PDF(Pubmed)
Abstract:
Anoikis is a common programmed death for most of detached cells, but cancer cells can obtain anoikis resistance to facilitate their distant metastasis through the circulation system. Researches have indicated that enhanced autophagic flux accounts for the survival of many cancer cells under detached conditions. Targeting ATG4B, the key factor of autophagy progress, can inhibit cancer metastasis in vitro, but ATG4B-deficient mice are susceptible to many serious diseases, which indicates the potential uncontrolled side effects of direct targeting of ATG4B. In our recent research, we confirmed that ATG4B is a novel RNA binding protein in the gastric cancer (GC) cell.
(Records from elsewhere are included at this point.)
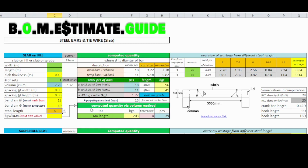You also have the option of computed values via the volume method, defaulted at 90 kilograms per cubic meter. You may adjust the kilogram value if the default setting of 90 is not adequate.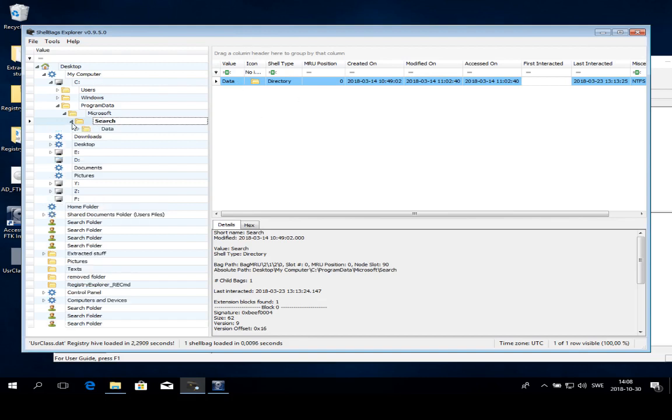This tells us that the computer or this particular user has actually been visiting this folder at some point, at one or more times, but definitely on the 14th of March. This can be very useful information because it tells us where to look further in our examination.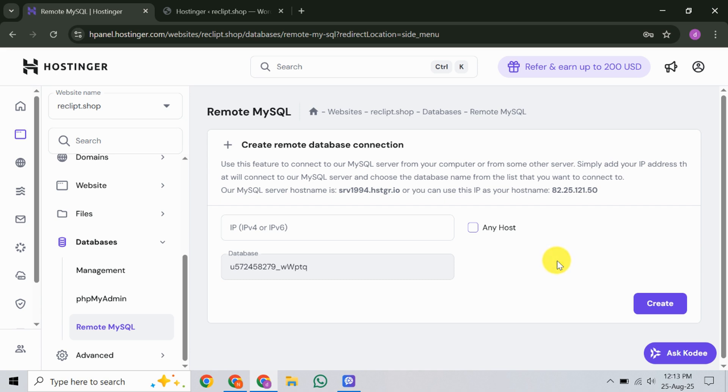And there you have it. Your remote MySQL connection should now be enabled. From here, you can manage or even remove access later if needed, which will appear in the list beneath your settings.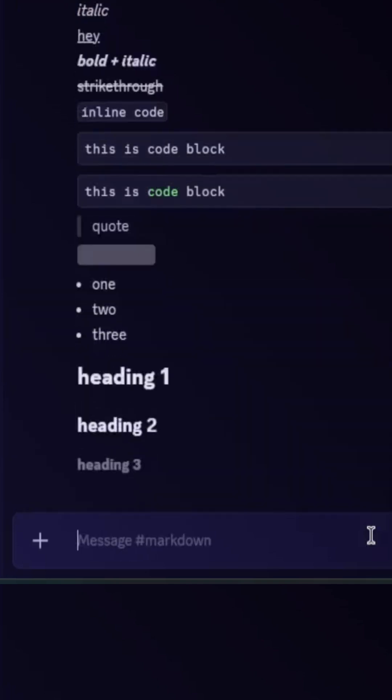And for subtext, use a dash, then a hash, then a space, and then the text.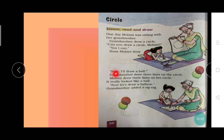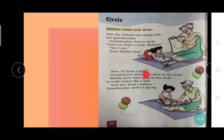Now come to second paragraph, first line. N-O-W, now. I apostrophe double-L, I will. Draw. A B-A-L-L, ball. Let's read it: Now I will draw a ball. Grandmother D-R-E-W, drew. T-H-R-E-E, three. Colored. L-I-N-E-S, lines. On T-H-E, the. Circle. Grandmother drew three lines on the circle.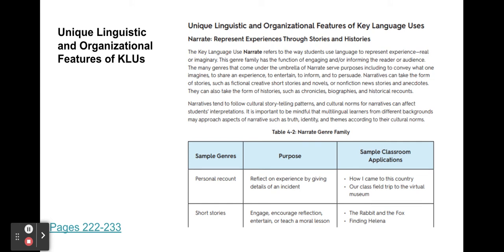There are also unique linguistic and organizational features of key language uses. On pages 222 through 233 in the book and PDFs, there are examples of genres, purpose, and classroom applications. These pages also show how the different key language uses are used at each grade level, with examples for narrate, inform, explain, and argue.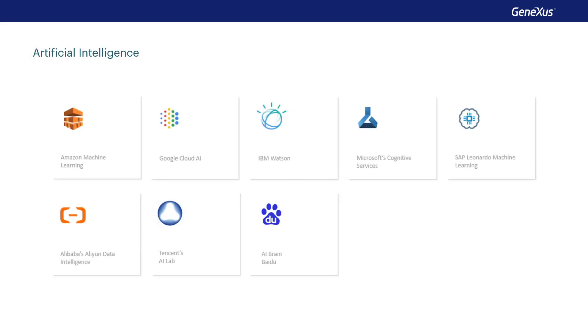GeneXus allows you to develop artificial intelligence applications with no need to be an expert in the field. Some of the things you can do with GeneXus are image classification, facial recognition, audio to text transcription, spoken text generation, and video processing, to name a few. And for this, you only have to invoke predefined object methods, and that's it.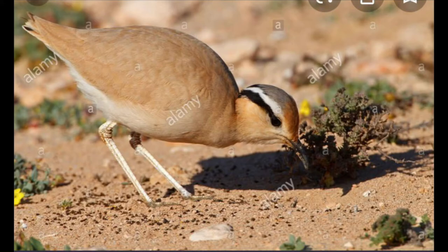Birds peck at the ground with their beaks to look for food. Their beaks are useful for this because they are pointed and strong. The birds are looking for grubs, worms, and insects. Pecking is the action of the bird to tap with its beak. Birds and chickens do this to find food.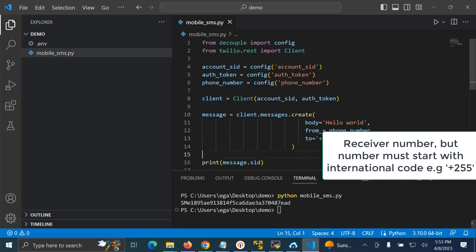This sums up the end of this session on how you can send mobile SMS by using Twilio in Python. So if you found this video helpful, don't forget to like, comment, share, and subscribe. Your comment, your like, your sharing will be mostly appreciated.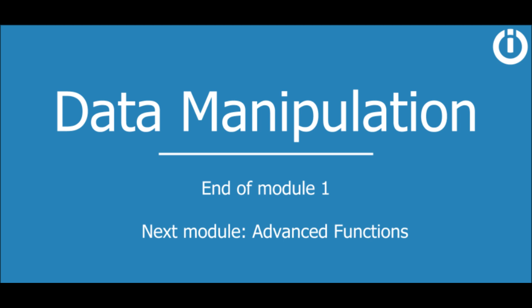In the next lesson, you will learn more about advanced functions and how to implement them effectively in a scenario. See you in the next lesson.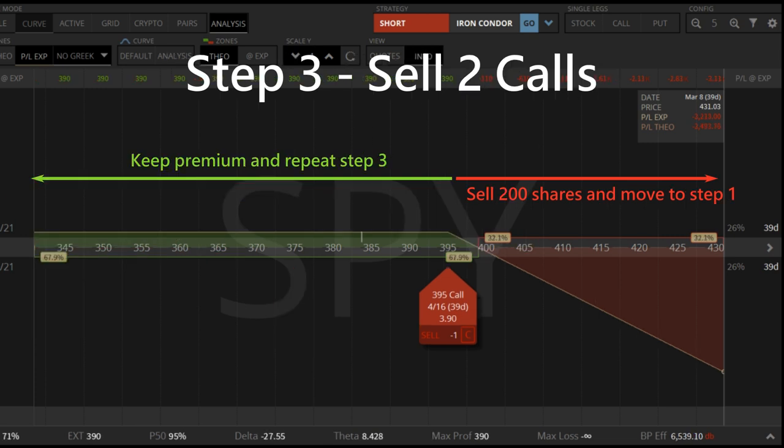Now we own 200 shares of SPY ETF. We can sell two covered call options at the same time to earn twice the amount of premium. If the ETF price doesn't rise after 30 days, we collect all the premium. If the SPY price increases beyond the call strike, we will sell 200 shares at a high price and move back to step one.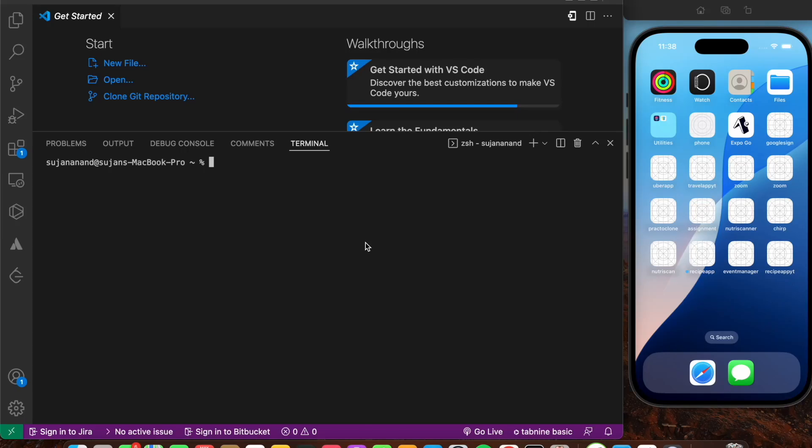Hey everyone, welcome back to another video on React Native. In this video we'll be building a full stack event management system in React Native using the AWS backend. If you find this interesting please hit the like button and subscribe for more such content, but there's a slight twist.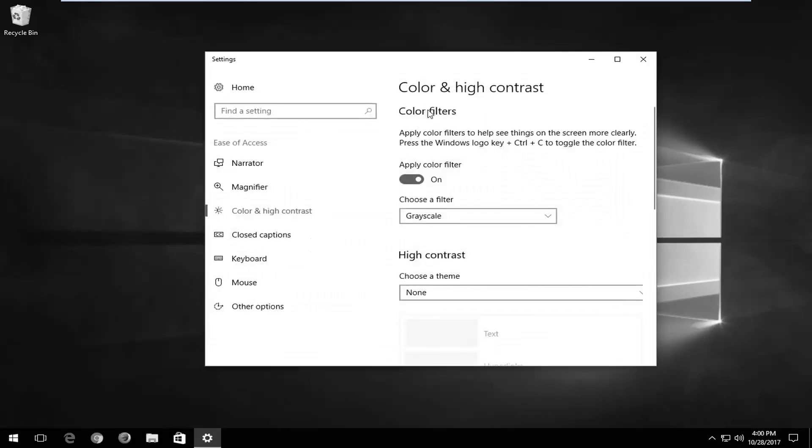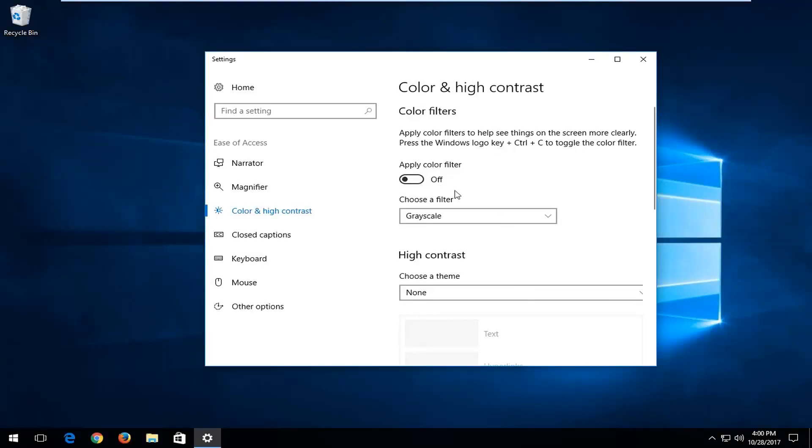Where it says 'color filters', apply color filters to see things on the screen more clearly. Where it says 'apply color filter', you want to left click on this oval to toggle it to the off position to turn it off. And if you want to turn it on, you can toggle it to the on position.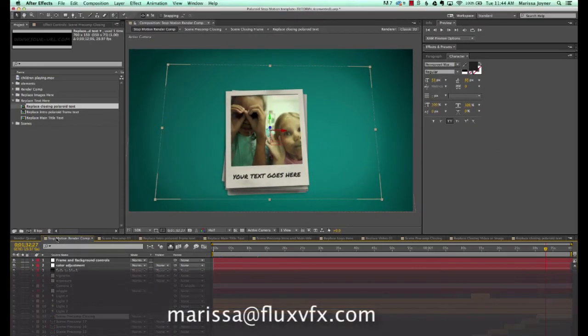That's it for the customization tutorial. If you have any questions or come across anything that you're having trouble with, feel free to email me at marissa@flexvfx.com. I'd be more than happy to help.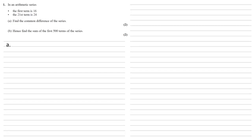In an arithmetic series, the first term is 16 and the 21st term is 24. We need to find the common difference of the series.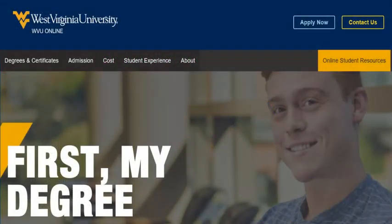eCampus will make it easier for you to reach your goals at WVU Online. We hope you found this video helpful, and please remember we're here to help ensure your success every step of the way.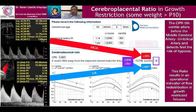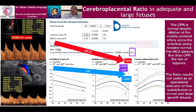We know that the umbilical artery has this tendency to increase according to gestational age, and the middle cerebral artery, this tendency. However, in adequate and large fetuses it is different, because the umbilical artery has a tendency to decrease in relation to gestational age, as in a physiological, normal pregnancy, because there is no increased placental resistance.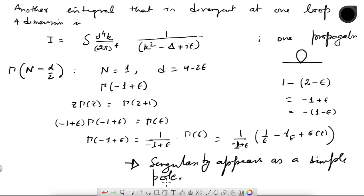This is because we are working in four dimensions and at one loop. If you were to go to higher loops then this will change — you will not get simple poles. And as I said, if capital N is greater than 2 — more propagators in the denominator — then the integral is convergent. So I have exhausted all the divergent integrals that appear at one loop in four dimensions.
It interacts with circSPECC1 which consequently facilitates the liquid-liquid phase separation and ubiquitination of ATG4B. Additionally, the m6A reader ELAVL1 inhibits the expression of circSPECC1 to enhance the expression of ATG4B and anoikis resistance of GC cells. Further, we screened out an FDA-approved compound, lopinavir, to restore circSPECC1 abundance and suppress GC metastasis. In conclusion, our research identified a novel signal pathway (ELAVL1-circSPECC1-ATG4B-autophagy) to facilitate anoikis resistance and metastasis of GC cells and screened out a compound with clinical application potential to block this pathway, providing a novel strategy for the prevention of GC metastasis.
摘要:
Anoikis是大多数分离细胞常见的程序性死亡,但是癌细胞可以通过循环系统获得抗失巢凋亡性,以促进其远处转移。研究表明,增强的自噬通量是许多癌细胞在分离条件下存活的原因。瞄准ATG4B,自噬进展的关键因素,可以在体外抑制癌症转移,但是缺乏ATG4B的小鼠易受许多严重疾病的影响,这表明直接靶向ATG4B的潜在不受控制的副作用。在我们最近的研究中,我们证实ATG4B是胃癌(GC)细胞中一种新的RNA结合蛋白。它与circSPEC1相互作用,从而促进ATG4B的液-液相分离和泛素化。此外,m6A阅读器ELAVL1抑制circspec1的表达,以增强GC细胞的ATG4B表达和抗肛门凋亡。Further,我们筛选出一种FDA批准的化合物,洛匹那韦,恢复circSPEC1丰度并抑制GC转移。总之,我们的研究确定了一个新的信号通路(ELAVL1-circSPECC1-ATG4B-自噬),以促进GC细胞的失巢凋亡抵抗和转移,并筛选出具有临床应用潜力的化合物来阻断该通路,为预防GC转移提供了新的策略。